LDLR Genotyping: Difference between revisions

Modified from https://www.jax.org/Protocol?stockNumber=002207&protocolID=27075

• SOP - Ethidium Bromide
• SOP - Electrophoresis

Reagents Needed

PCR Primers

• Ldlr Common Forward: 5'-TAT GCA TCC CCA GTC TTT GG-3'
• Ldlr Wild-type Reverse: 5'-CTA CCC AAC CAG CCC CTT AC-3'
• Ldlr Mutant Reverse: 5'-ATA GAT TCG CCC TTG TGT CC-3'

Master Mix

• DreamTaq Green PCR Master Mix (2X) - Thermo Fisher Scientific, Cat# K1081

Additional Reagents

• Nuclease-free water
• Template DNA (tail lysate or purified genomic DNA)

Primer Preparation

Stock Primer Preparation (100 µM)

1. Resuspend each lyophilized primer in nuclease-free water to 100 µM concentration.
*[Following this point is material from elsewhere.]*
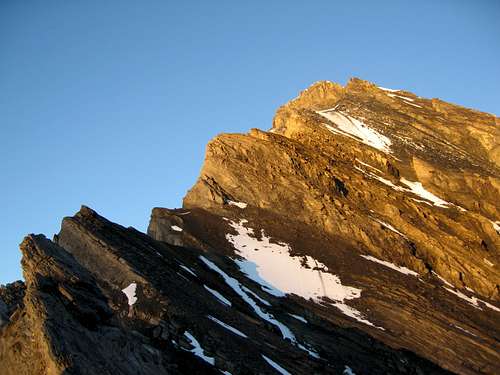 Balmhorn 3698m - Wildelsigen ridge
Look on the tube from IDT, for example if there is 23.7 nmoles then you would resuspend in 237 µL of water
2. Store at -20°C

Primer Master Mix (10 µM each primer)

For a 1 mL primer master mix:

• 100 µL of 100 µM Primer 19799
• 100 µL of 100 µM Primer 19800
• 100 µL of 100 µM Primer oIMR7770
• 700 µL nuclease-free water

Final concentrations in primer master mix: 10 µM each primer

Store at -20°C

PCR Master Mix Preparation

Per Reaction (25 µL total volume)

• 12.5 µL DreamTaq Green PCR Master Mix (2X)
• 3.75 µL Primer Master Mix (10 µM each)
• 7.75 µL nuclease-free water
• 1 µL template DNA

Final primer concentrations in PCR: 1.5 µM each primer

For Multiple Reactions

Prepare master mix for (n+1) reactions, where n = number of samples:

• DreamTaq Green PCR Master Mix (2X): 12.5 µL × (n+1)
• Primer Master Mix: 3.75 µL × (n+1)
• Nuclease-free water: 7.75 µL × (n+1)

Aliquot 24 µL of master mix per tube, then add 1 µL template DNA to each

PCR Cycling Program

This program takes 1:50 to run.

Expected Results

• Wild type: 351 bp
• Heterozygote: 179 bp AND 351 bp
• Mutant: 179 bp (GC-rich band)

Note: Run on 2% agarose gel. The mutant band (179 bp) is GC-rich and may appear fainter than expected.